More particularly, the campaign manager 212 can provide a graphical interface for the advertisers 204 enabling the advertisers 204 to manage their ad campaigns. The data, statistics, and analytical tools can include, budget management, time management, reports on various kinds of statistics. Specifically, the reports on various statistics can include amount of time the readers 206 spend viewing content, number of clicks the readers 206 make, social media exposure, and conversion rates.

The publishers 208 can interface with the deliverer block 118 through a domain manager 214. The domain manager 214 can provide the publishers 208 with information such as financial information, availabilities, and reports.

The article deliverer 210 can be coupled to a reader manager 216. The reader manager 216 can operate as an internal sub-component of the deliverer block 118 that is coupled to the article deliverer 210.

The reader manager 216 functions as a data source for factors that can be used by the article deliverer 210. The reader manager 216 can store the readers 206 online activities and histories that can be used by the article deliverer 210 to provide recommendations to the articles 128 or to provide the articles 128 themselves.

The processors 114 of FIG. 1 can execute steps of control flows, implementing the article deliverer 210, the campaign manager 212, and the domain manager 214. The reader manager 216 can be implemented and utilize the processors 114 to execute control flows for the reader manager 216.

The reader manager 216 can further utilize non-transitory computer readable medium to store the histories and the activities of the readers 206. The deliverer block 118 is depicted as coupled to the databases 116, which can directly provide the domains 124, the URLs 126, and the articles 128 to the deliverer block 118.

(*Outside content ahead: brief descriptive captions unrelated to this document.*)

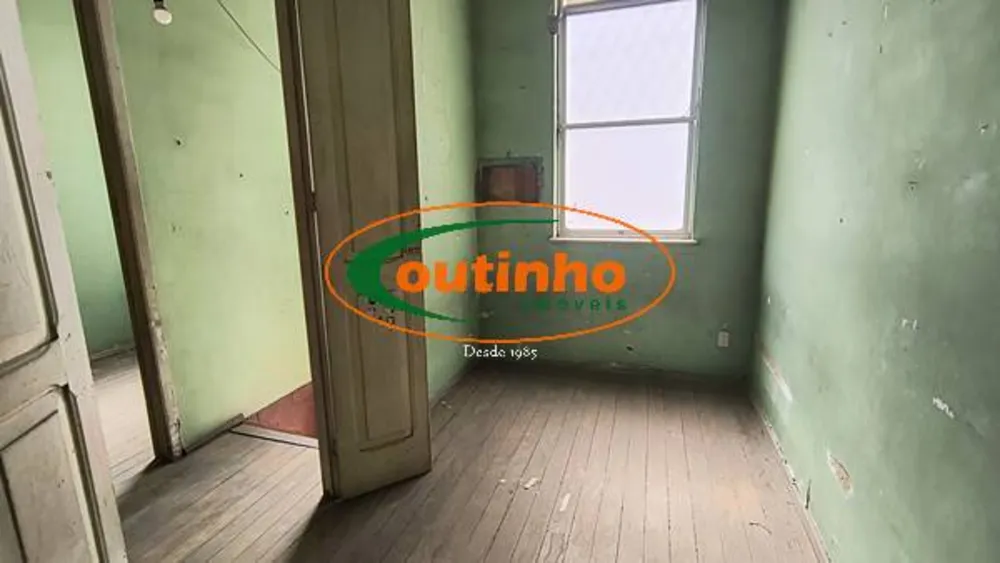 Casa, 4 quartos, 80 m² - Foto 7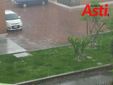 Asti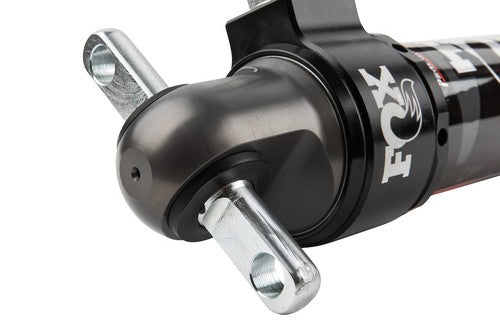 Fox Shocks 883-26-084 2.5 Performance Series SHOCK ABSORBERS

Referring now to FIG. 3, therein is shown a control flow for the article deliverer 210 of FIG. 2. The steps of the control flow can be executed by the processors 114 of FIG. 1. Further, data used by the steps of the control flow or resulting from the steps of the control flow can be stored in non-transitory computer readable medium, for example in the database 116 of FIG. 1.

The article deliverer 210 can begin with a collection of information in a collection step 302. The collection step 302 can collect reader information 304 about the reader 206 of FIG. 2 with a creative 306.

The reader information 304 can include information such as current page, current session, click histories and browsing histories. It is contemplated that the readers 206 entire click history can be collected and three days of the readers 206 browsing history.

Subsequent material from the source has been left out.